> **Task brief**
All the records that follow need to be reproduced exactly. Omit the images.

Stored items
·····

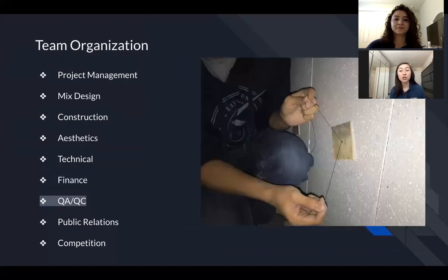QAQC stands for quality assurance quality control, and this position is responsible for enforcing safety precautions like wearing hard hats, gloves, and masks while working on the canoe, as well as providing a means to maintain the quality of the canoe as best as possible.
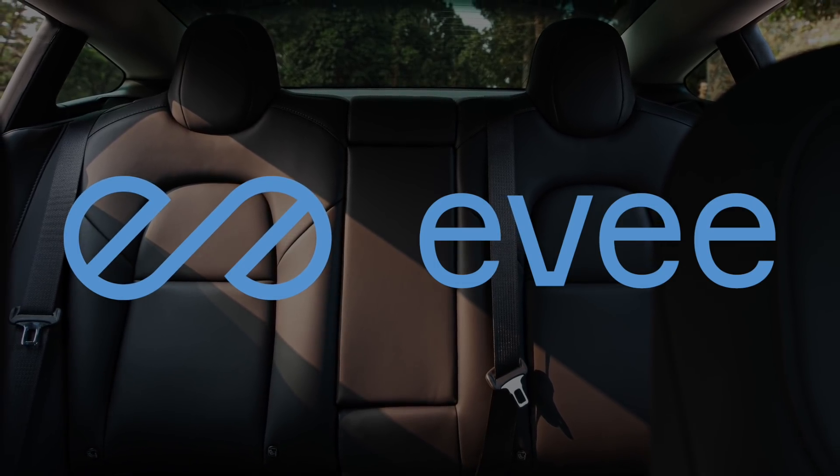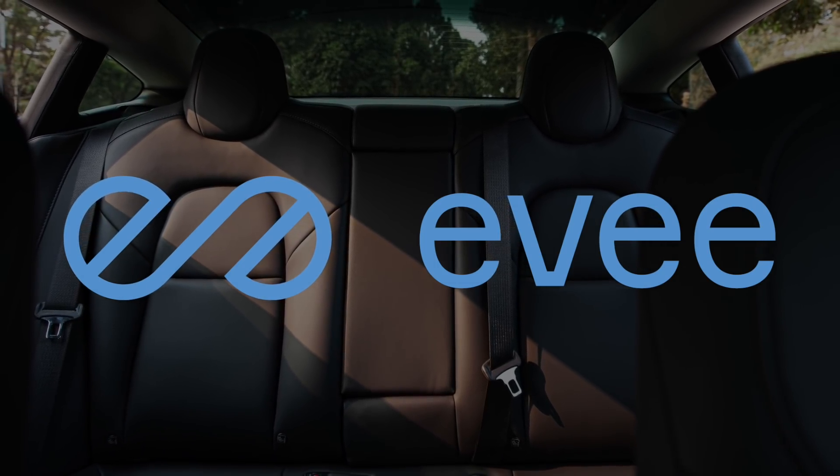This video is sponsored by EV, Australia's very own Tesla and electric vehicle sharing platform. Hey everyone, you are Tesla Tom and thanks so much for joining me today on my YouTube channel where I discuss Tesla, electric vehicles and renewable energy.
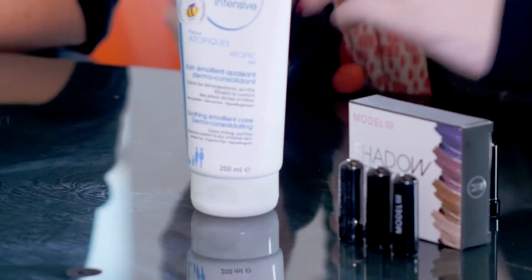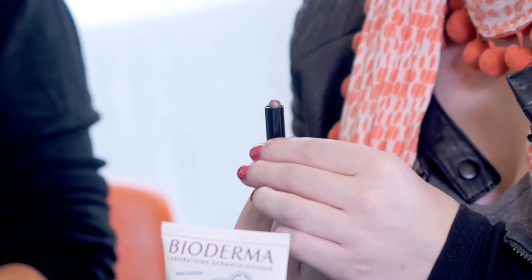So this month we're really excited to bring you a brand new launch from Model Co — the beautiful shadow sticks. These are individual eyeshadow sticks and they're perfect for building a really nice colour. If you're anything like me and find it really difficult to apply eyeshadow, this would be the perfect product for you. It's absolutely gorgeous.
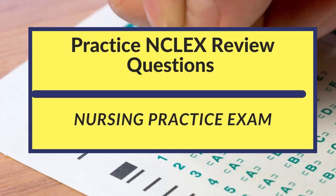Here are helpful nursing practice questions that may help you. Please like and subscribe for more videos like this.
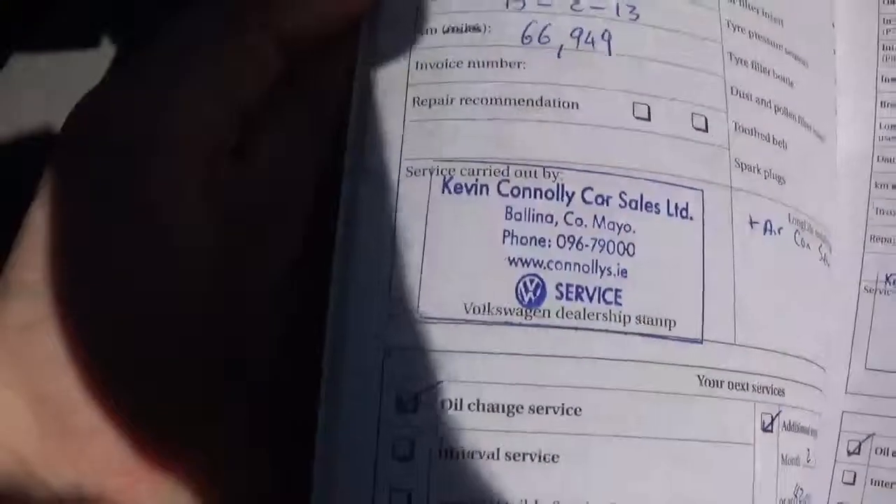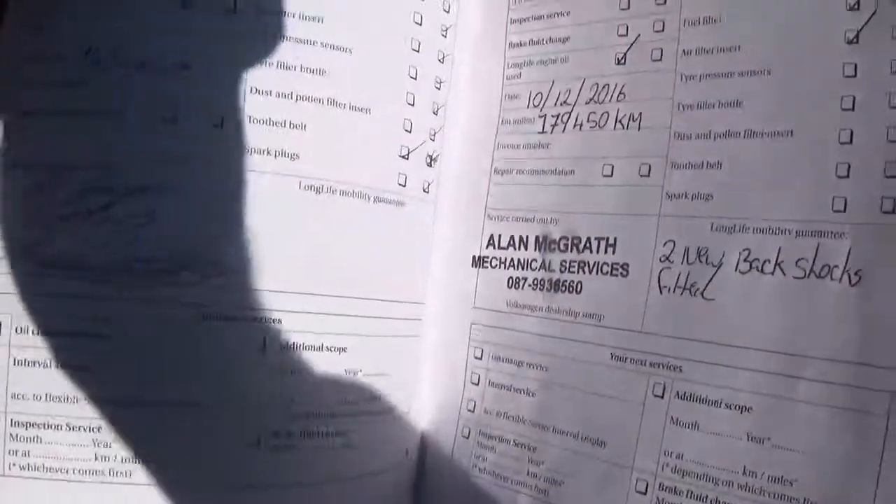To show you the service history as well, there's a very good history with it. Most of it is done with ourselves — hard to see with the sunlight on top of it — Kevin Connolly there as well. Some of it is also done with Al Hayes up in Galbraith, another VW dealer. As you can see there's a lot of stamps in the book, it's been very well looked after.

·····

> **Solution**
QAQC stands for quality assurance quality control, and this position is responsible for enforcing safety precautions like wearing hard hats, gloves, and masks while working on the canoe, as well as providing a means to maintain the quality of the canoe as best as possible.
This video is sponsored by EV, Australia's very own Tesla and electric vehicle sharing platform. Hey everyone, you are Tesla Tom and thanks so much for joining me today on my YouTube channel where I discuss Tesla, electric vehicles and renewable energy.
So this month we're really excited to bring you a brand new launch from Model Co — the beautiful shadow sticks. These are individual eyeshadow sticks and they're perfect for building a really nice colour. If you're anything like me and find it really difficult to apply eyeshadow, this would be the perfect product for you. It's absolutely gorgeous.
Here are helpful nursing practice questions that may help you. Please like and subscribe for more videos like this.
To show you the service history as well, there's a very good history with it. Most of it is done with ourselves — hard to see with the sunlight on top of it — Kevin Connolly there as well. Some of it is also done with Al Hayes up in Galbraith, another VW dealer. As you can see there's a lot of stamps in the book, it's been very well looked after.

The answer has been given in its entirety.